From the last tram stop (the Schloss Nymphenburg stop on Tram #17), it’s a good 5 minute walk to get down the long tree lined street to the palace. Luckily, the walk up the path to Schloss Nymphenburg is ideal for picture taking.
Schloss Nymphenburg was the summer palace for Bavarian royalty and can attribute most of its grandeur to Duke Maximilian Emanuel, who in 1663 began construction to transform the small country estate that existed on the land (a gift to his mother from his father upon his birth) into a palatial, Baroque residence.
Once inside you have a choice of two different ticket options.
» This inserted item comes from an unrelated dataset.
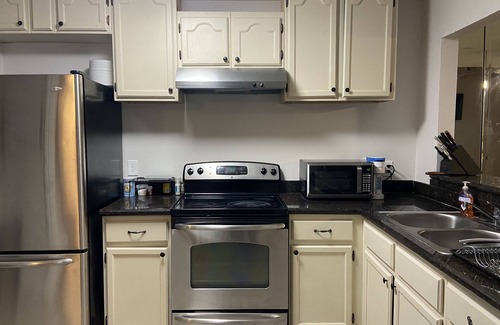 Bonanza Condo | North side 3 bedrooms 2 bath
A €6 ticket to visit the Palace and grounds or an €11.50 combo ticket that includes the Museum of Nymphenburg Palace and the park palaces. As I didn’t want to spend my entire day at Schloss Nymphenburg, I opted for the €6 ticket and started my palace tour in the majestic Festival Room, which was used family celebrations, including Ludwig II’s baptism.
The Festival Room was the first of many rooms in that palace that were memorable and made me glad I visited Schloss Nymphenburg. There was also King Ludwig I’s Gallery of Beauties, a room solely dedicated to beautiful women. A beautiful room in and of itself was the Green Gallery.
In one of the rooms of the palace, a stunning rock chandelier from the 1800s and which weighs 40 kg hangs from the ceiling.
The Chine Lacquer Cabinet stood out due to its oriental façade amidst the Baroque decoration in the rest of the palace. The painted cabinets show scenes from everyday life in China and date back to 1763.
As a writer, I was also unsurprisingly intrigued by a simple looking room that turned out to be the writing cabinet of Elector Carl Theodor.
The queen’s bedroom, which belonged to Queen Caroline, still has its original furnishings from the early 1800s. This bedroom was also noteworthy as the Queen gave birth to King Ludwig II in it.
Lastly, there were more of those lovely garden views.